I know that I am deeply frustrating to some members who take a fundamentalist approach to scripture and presentist views of history. My hope is that with time, as we serve together, they will come to love me (though not because I am deserving) and their growing empathy for me will obviate any tendency toward antipathy.  I have found that as I have better understood and loved my fellow Saints, any frustrations with them have withered. This is not to say that I still don’t get bugged or that the prophetic itch doesn’t need scratching on occasion. However, I am willing, regardless of what you believe or what you do, to hail you as a brother or sister in the name of the Lord Jesus Christ, and in token or remembrance of the everlasting covenant, in which covenant I receive you to fellowship, in a determination that is fixed, immovable, and unchangeable, to be your friend and brother through the grace of God in the bonds of love, to walk in all the commandments of God blameless, in thanksgiving, forever and ever.
- Fred C. Collier, ed., The Office Journal of President Brigham Young, 1858-1863, Book D (Hanna, Utah: Collier’s Publishing Co., 2006), 148, October 1, 1860.

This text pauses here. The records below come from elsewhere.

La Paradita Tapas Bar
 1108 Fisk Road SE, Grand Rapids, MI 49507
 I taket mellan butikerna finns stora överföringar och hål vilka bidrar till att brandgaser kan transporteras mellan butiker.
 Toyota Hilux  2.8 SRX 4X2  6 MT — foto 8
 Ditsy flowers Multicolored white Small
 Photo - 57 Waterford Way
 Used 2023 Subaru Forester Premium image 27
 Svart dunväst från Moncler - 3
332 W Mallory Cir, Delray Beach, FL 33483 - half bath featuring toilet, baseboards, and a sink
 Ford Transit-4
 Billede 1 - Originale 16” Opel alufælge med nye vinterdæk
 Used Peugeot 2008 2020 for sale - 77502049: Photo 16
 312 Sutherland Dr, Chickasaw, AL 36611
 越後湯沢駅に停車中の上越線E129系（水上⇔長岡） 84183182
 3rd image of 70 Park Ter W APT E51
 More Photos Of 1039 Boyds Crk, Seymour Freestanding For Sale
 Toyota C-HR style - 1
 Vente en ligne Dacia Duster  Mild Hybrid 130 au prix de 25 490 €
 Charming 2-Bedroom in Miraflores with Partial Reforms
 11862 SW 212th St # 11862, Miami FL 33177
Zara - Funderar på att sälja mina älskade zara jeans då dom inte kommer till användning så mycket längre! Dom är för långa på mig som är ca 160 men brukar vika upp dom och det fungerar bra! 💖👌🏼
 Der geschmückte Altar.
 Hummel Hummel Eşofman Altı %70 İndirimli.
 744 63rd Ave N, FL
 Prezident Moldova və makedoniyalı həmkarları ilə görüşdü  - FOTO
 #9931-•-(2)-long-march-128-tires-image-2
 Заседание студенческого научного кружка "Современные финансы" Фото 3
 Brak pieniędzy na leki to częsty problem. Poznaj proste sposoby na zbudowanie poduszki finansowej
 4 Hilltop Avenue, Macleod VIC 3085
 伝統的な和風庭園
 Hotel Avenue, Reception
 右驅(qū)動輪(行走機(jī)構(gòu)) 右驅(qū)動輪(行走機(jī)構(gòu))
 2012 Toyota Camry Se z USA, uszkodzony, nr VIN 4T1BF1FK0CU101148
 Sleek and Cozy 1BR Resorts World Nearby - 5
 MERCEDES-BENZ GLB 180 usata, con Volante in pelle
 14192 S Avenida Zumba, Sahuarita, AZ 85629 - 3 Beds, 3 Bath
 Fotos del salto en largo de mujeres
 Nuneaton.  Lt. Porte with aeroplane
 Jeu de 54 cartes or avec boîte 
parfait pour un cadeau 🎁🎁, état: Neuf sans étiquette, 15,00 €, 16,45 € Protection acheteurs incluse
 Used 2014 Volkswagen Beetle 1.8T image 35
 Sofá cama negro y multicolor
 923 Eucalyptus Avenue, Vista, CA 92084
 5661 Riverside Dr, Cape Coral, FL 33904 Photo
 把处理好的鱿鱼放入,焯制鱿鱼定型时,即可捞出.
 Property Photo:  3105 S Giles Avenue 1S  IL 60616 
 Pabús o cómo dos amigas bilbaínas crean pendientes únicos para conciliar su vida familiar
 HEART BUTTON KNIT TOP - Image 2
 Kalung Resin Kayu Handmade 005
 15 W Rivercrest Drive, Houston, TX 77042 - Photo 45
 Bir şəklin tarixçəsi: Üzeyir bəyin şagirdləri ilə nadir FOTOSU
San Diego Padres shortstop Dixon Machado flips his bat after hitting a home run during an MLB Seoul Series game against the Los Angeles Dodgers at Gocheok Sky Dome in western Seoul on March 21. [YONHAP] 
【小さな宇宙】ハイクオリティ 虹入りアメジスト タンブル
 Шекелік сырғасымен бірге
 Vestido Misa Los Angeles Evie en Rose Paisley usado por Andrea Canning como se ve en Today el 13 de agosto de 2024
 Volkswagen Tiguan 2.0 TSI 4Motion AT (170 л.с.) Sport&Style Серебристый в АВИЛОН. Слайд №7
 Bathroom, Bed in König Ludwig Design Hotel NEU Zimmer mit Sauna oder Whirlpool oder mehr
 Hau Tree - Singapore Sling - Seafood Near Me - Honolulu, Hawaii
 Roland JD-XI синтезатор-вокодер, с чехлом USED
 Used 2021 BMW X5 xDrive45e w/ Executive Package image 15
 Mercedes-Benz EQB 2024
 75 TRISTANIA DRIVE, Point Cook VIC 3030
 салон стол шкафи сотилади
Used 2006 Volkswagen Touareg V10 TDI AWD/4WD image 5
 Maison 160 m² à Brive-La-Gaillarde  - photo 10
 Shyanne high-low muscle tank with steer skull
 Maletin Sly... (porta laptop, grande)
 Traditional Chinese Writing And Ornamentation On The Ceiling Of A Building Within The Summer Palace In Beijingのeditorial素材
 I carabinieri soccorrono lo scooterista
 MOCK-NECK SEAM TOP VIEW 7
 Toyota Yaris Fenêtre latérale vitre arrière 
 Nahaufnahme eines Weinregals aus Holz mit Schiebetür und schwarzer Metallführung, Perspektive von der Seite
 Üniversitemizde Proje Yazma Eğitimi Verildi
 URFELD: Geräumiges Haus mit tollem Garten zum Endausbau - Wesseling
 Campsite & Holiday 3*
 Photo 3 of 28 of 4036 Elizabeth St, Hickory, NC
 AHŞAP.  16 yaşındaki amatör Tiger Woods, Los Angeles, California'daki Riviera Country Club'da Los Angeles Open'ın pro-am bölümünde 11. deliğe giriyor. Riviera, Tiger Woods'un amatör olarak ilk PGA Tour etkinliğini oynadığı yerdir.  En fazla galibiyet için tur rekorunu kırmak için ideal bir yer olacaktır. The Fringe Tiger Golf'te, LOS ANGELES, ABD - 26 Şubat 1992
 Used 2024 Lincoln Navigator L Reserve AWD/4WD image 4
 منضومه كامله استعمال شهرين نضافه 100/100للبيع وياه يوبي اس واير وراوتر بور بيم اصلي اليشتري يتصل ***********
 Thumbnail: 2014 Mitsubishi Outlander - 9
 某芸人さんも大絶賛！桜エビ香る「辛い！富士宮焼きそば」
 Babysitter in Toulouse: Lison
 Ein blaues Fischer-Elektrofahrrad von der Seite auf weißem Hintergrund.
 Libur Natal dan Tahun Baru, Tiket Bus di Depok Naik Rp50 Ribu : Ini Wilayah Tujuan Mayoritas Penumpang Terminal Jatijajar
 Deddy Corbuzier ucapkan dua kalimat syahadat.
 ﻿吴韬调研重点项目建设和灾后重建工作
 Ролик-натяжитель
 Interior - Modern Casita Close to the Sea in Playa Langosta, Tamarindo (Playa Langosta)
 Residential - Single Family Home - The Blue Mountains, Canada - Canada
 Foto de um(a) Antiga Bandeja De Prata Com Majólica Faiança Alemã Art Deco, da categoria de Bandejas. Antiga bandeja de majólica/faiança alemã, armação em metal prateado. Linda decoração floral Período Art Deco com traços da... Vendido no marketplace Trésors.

- I generally agree that feminist critiques of self-sacrifice undermine traditional conceptions of atonement theory. However, Mormon atonement theory, rooted in dynamics of empathy, where suffering isn’t substitutionary but rather empowering, is a refreshing alternative. The spirit knoweth all things, and yet Christ suffered according to the flesh, so that he could know according to the flesh how to heal us. I don’t believe that suffering is salvific per se, but inasmuch as it infuses our souls with empathy, it does empower us, like Christ, to be healers.